Exercise 1 — Foundations and First Pipeline

Topics: $match, $sort, $skip, $limit, basic pipeline construction

Reading before you start: 01 - Query Methods, 02 - The Aggregation Pipeline, 03 - Sample Data, 04 - Document Stages (sections on $match, $sort, $skip, $limit)

Database: aggregation_lab — see Setup - Database


Part A — Simple Filtering with $match

Write an aggregation pipeline for each task. Use only $match.

Task A1

Find all employees who have the role "DEVELOPER".

Expected result: 5 documents (Anna, Markus, Elena, David, Patrick, Michael)

Task A2

Find all employees who are not active (active: false).

Task A3

Find all employees who earn more than 50,000.

Task A4

Find all projects with priority "CRITICAL".

Task A5

Find all tasks that are currently "IN_PROGRESS".

Task A6

Find all orders that were paid via "PAYPAL" and have the status "DELIVERED".


Part B — Sorting and Pagination

Task B1

Find all employees, sorted by salary in descending order (highest first).

Task B2

Find all employees, sorted by age in ascending order.

Task B3

Find all tasks, sorted by hours descending.

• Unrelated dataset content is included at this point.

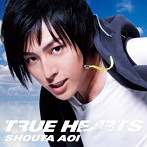 TRUE HEARTS（初回限定盤A）（DVD付）/蒼井翔太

Return only the top 5 tasks with the most hours.

Task B4

Find all employees, sorted by salary descending. Skip the first 3 and return the next 4. This simulates page 2 of a paginated list with page size 4.


Part C — Combining Stages

Build pipelines with multiple stages chained together.

Task C1

Find all active employees with the role "DEVELOPER", sorted by salary descending.

Task C2

Find all tasks with status "TODO", sorted by hours descending, and return only the first 3.

Task C3

Find all orders with status "DELIVERED", sorted by date ascending. Skip the first 2 results and return the next 3.

Task C4

Find all projects that are "IN_PROGRESS" and have priority "HIGH" or "CRITICAL". Sort them by estimatedCost descending.

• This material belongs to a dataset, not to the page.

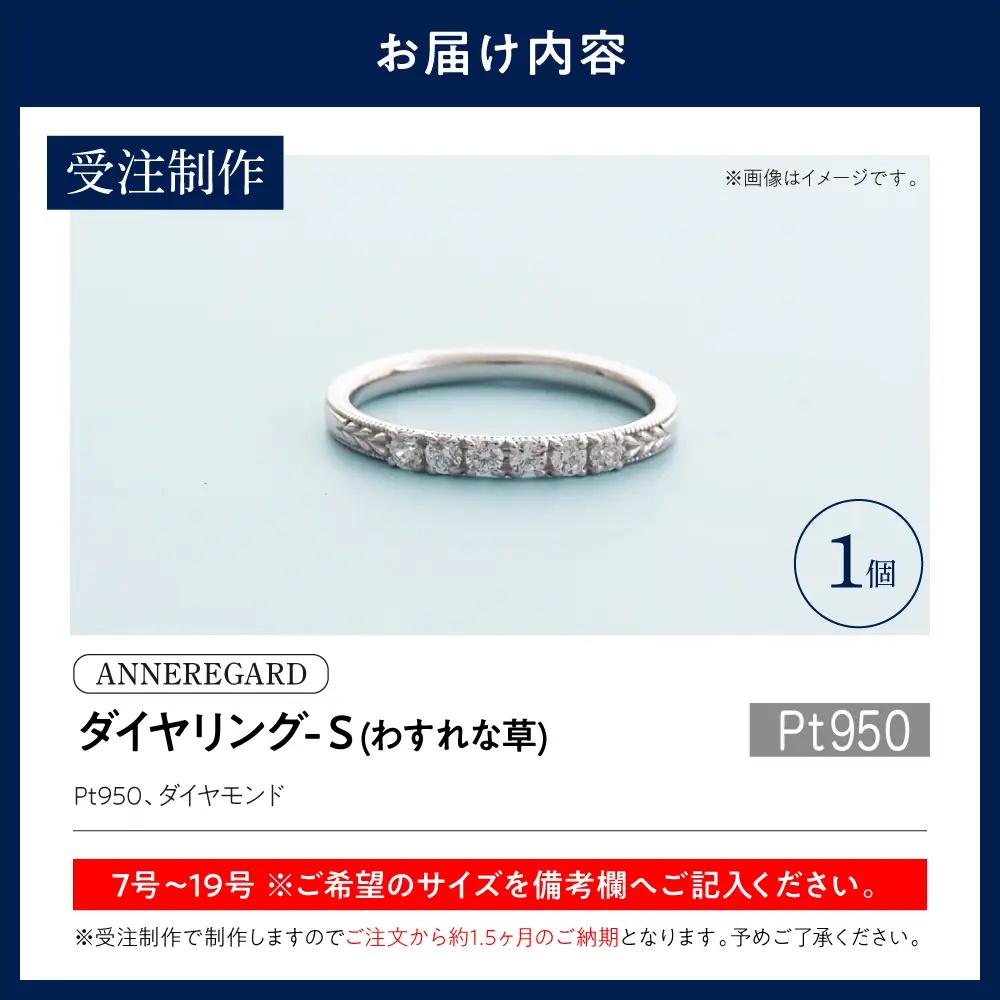 【ANNEREGARD】Pt ダイヤリング-S（わすれな草）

Hint: You can use $in inside $match to check if a field’s value is one of several options.

Task C5

Find all employees hired after January 1st, 2020 (hireDate: { $gt: ISODate("2020-01-01") }) who are active and have a salary below 50,000. Sort by hireDate ascending.


Part D — Exploration Tasks

These tasks are open-ended. Think about what information you want to extract, then build a pipeline to get it.

Task D1

You are preparing a presentation about the company’s workforce. Using only the stages you’ve learned this week ($match, $sort, $skip, $limit), create three different queries that each answer a different interesting question about the employees collection.

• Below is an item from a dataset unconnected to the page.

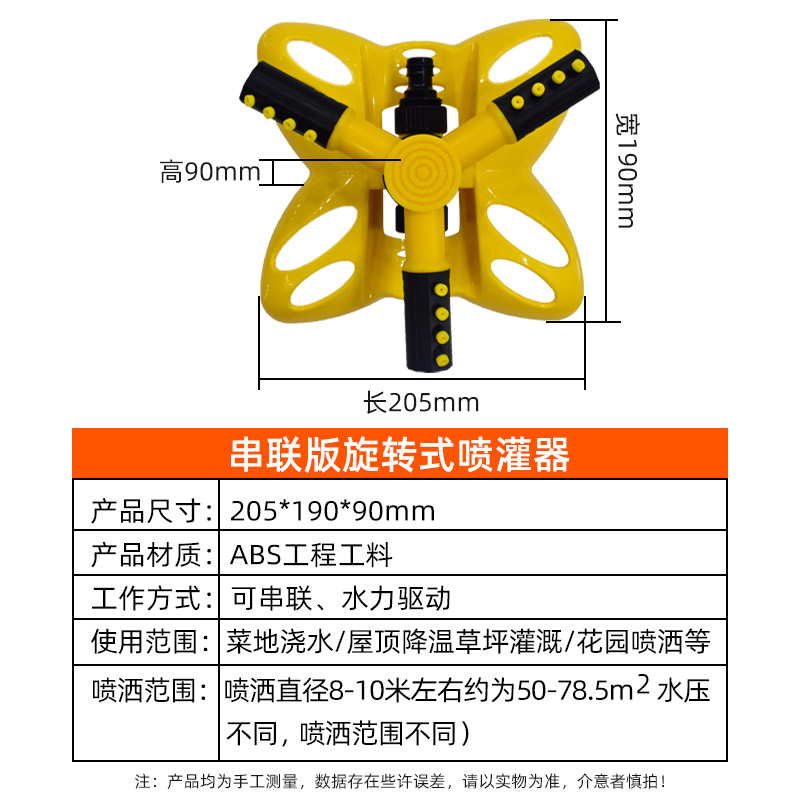 绿化降温自动旋转喷灌喷头360度自动洒水器喷水灌溉园林草坪浇花-图1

Write down your questions and the pipelines you used to answer them.

Task D2

Explore the log_entries collection. Write a pipeline that finds the most recent error entries, sorted with the newest first, limited to 5 results.

Task D3

Imagine you are building a task management dashboard. Write pipelines that would provide:

  1. The 3 most time-intensive TODO tasks
  2. All tasks for a specific project (pick one of the project IDs from the data)
  3. All DONE tasks, sorted by hours ascending

Reflection: After completing the exercises, think about the following:

  • Why does the order of stages matter?
  • What happens if you put $limit before $sort? Try it and observe the difference.
  • When would you use $skip + $limit together in a real application?